Charles Daniel wrote on Mon, Dec 28, 2009 12:17 AM UTC:
Big Brother is indeed forcing everyone to play orthodox/Western chess
against your will and preventing you from seeing the obvious that Chess is
dead! 
If only they would do just that and leave us alone with regard to
everything else!

George Duke wrote on Tue, Jan 5, 2010 06:48 PM UTC:
Here's that cliche again about Chess and the number of atoms in the
universe. In the next to last paragraph of current article they bracket it,
like it's an everyday measure, the Carlsen article ''must read:''
http://www.chessbase.com/.
Great Shatranj has that many permutations too, and so does let's see, Schoolbook by Trenholme here \|/ and Black Ghost by Betza /|\. There's something stricken by the repetition.

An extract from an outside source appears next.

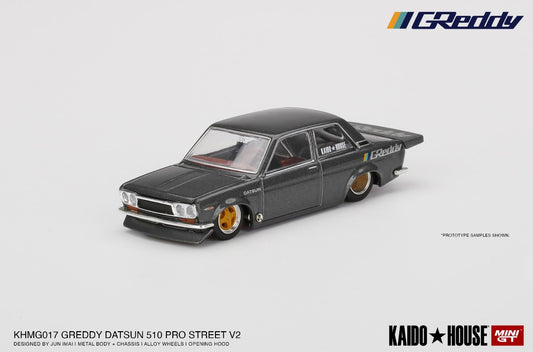 KHMG017 TSM MINI-GT 1:64 Nissan Datsun 510 Pro Street GREDDY Gun Metal Grey KAIDO HOUSE LHD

George Duke wrote on Tue, Feb 9, 2010 07:10 PM UTC:
Kasparov gets asked about chess variants today in the interview's last question:
http://www.chessbase.com/newsdetail.asp?newsid=6113.
Asked: ''What do you think about the future of FRC, Seirawan Chess, or any other types of Chess Variant?'' Many variantists agree with the part of Kasparov's answer: ''But if you just want to eliminate everything and call it purity--no it is not purity, it's nonsense.'' That's why, beyond FRC, 20 to 60 CVs in fixed line-ups should evolve, because Chess has always been about preparation and opening theory together with natural talent and developed technique in complicated unknown positions.
http://www.chessvariants.org/incinf.dir/transactional.html

M Winther wrote on Wed, Feb 10, 2010 07:37 AM UTC:
That's interesting! It is close to my suggested relocation variants where
the players still can prepare. Kasparov suggests choosing a subset of
Fischer Random that would include only natural positions. I have tried to
promote a similar idea where, for instance, 25 positions can be chosen from
the Chess960 array, by choice of the players:
http://home7.swipnet.se/~w-73784/chess/fischerplacement.htm

My proposal is to enhance orthochess by a manual relocation procedure,
whilst keeping the option to play the standard position. I have described
different versions of this idea: 
http://home7.swipnet.se/~w-73784/chess/relocationvariants.htm
/Mats

George Duke wrote on Mon, Mar 7, 2011 10:38 PM UTC:
Anand at number 1 again age 41 is second example since 2000 of that age
group holding #1, Kasparov born 1963 at the top all of 2003 til
his retirement and somewhat after.  Http://www.chessbase.com/newsdetail.asp?newsid=7053. When was the last time one or two gms age 40+ dominated ranked #1 most of a decade? You may have to go back to Lasker(1868-1941) for that, partly since the above question is a little sketchy. Still it is unusual, not occurring after Fischer-Spassky Reykjavik 1972 and probably not after Lasker early 20th century.